Séance du vendredi 7 décembre 1962
Déclaration devant l’Assemblée Nationale Constituante.

Le gage le plus sûre, le plus important pour l’édification solide de notre pays c’est l’élargissement de la base du pouvoir, car le pouvoir personnel ou oligarchique conduit à la paresse, au laisser-aller et à la passivité. Il nous est impossible, quelles que soient nos décisions, quels que soient les moyens mis à notre disposition: capitaux, assistance technique, culturelle d’édifier notre pays si l’enthousiasme populaire fait défaut, si le peuple ne participe pas à cette édification avec ferveur et si nous ne créons pas les conditions psychologiques d’un renouvellement d’auto-mobilisation.

Donc chers frères, chères sœurs, je souhaite que le bureau politique soit élargi le plus rapidement possible dans des proportions qui donneront satisfaction à l’ANP, aux ouvriers, aux étudiants et paysans. Il faut trouver des solutions qui soient de nature à faire renaître l’enthousiasme et à relever le moral du peuple. Car l’enthousiasme qui constitue notre capital, aussi bien en temps de paix qu’en temps de guerre c’est l’enthousiasme des élites qui constituera la force du Parti.

Et un parti fort et organisé qui jouit de la confiance du peuple n’a nul besoin de dissoudre un autre parti comme le parti communiste algérien. Il me semble au contraire, qu’il serait bon que ce parti puisse se maintenir, car il jouerait un rôle de stimulant ainsi que d’autres organisations révolutionnaires. Je pense que la prééminence du parti FLN n’entraîne pas nécessairement l’unicité.

Ce qui me parait important, c’est que tous ceux qui ont milité‚ avec le peuple et participé‚ d’une façon conséquente à la lutte se rencontrent pour bâtir ensemble l’avenir en toute confiance et sans exclusivité.

La presse et le peuple pourraient alors librement s’exprimer. Les critiques venant aussi bien de l’extérieur que de l’intérieur seraient permises et celles formulées au sein du parti lui-même seraient consolidées à tel point que les critiques émanant de l’extérieur ne lui porteraient nullement préjudice.

Il y a des urgences souveraines. Il faut assurer à nos fellahs, à nos ouvriers, à nos chômeurs le pain quotidien, le logement et l’habillement minimum. C’est un devoir impérieux de satisfaire ces besoins élémentaires face à une saison d’hiver qui s’annonce difficile. La Commission parlementaire mobiliserait l’opinion mondiale, non seulement pour subvenir à ces besoins, augmenter notre avoir en devises, et pour demander une assistance massive en équipement et en matériaux.
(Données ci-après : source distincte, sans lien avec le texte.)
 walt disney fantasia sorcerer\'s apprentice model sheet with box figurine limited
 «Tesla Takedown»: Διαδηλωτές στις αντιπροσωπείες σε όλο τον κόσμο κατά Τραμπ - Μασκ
J’ai parlé du chaptel. C’est un fait que dans certaines régions, les fellahs ne peuvent tirer leurs subsistances que de l’élevage. La guerre a supprimé cette ressource. Comment la renouveler? Nous demandons à l’opinion publique mondiale de consentir elle-même des réparations non formelles. La reconstitution de notre chaptel aidera, par ailleurs, à réamorcer l’opération-labours, l’opération-reproduction.

Monsieur le Président, frères et sœurs ! J’estime de mon devoir est de soulever ici un problème du Parti.

Vous pourriez et c’est de votre droit le plus absolu de demander: pourquoi partisan de l’élargissement du buureau politique n’avez-vous pas accepté d’en faire partie ? Je suis prêt à m’expliquer à tout moment. Je voudrais que les dossiers des responsabilités de la crise soient ouverts.

C’est une question d’opportunité. A un certain échelon, ce n’est plus la morale de la conviction, du sentiment, d’émotion qui doit compter: c’est la morale de la responsabilité‚ et nous devons faire attention aux conséquences de nos actes.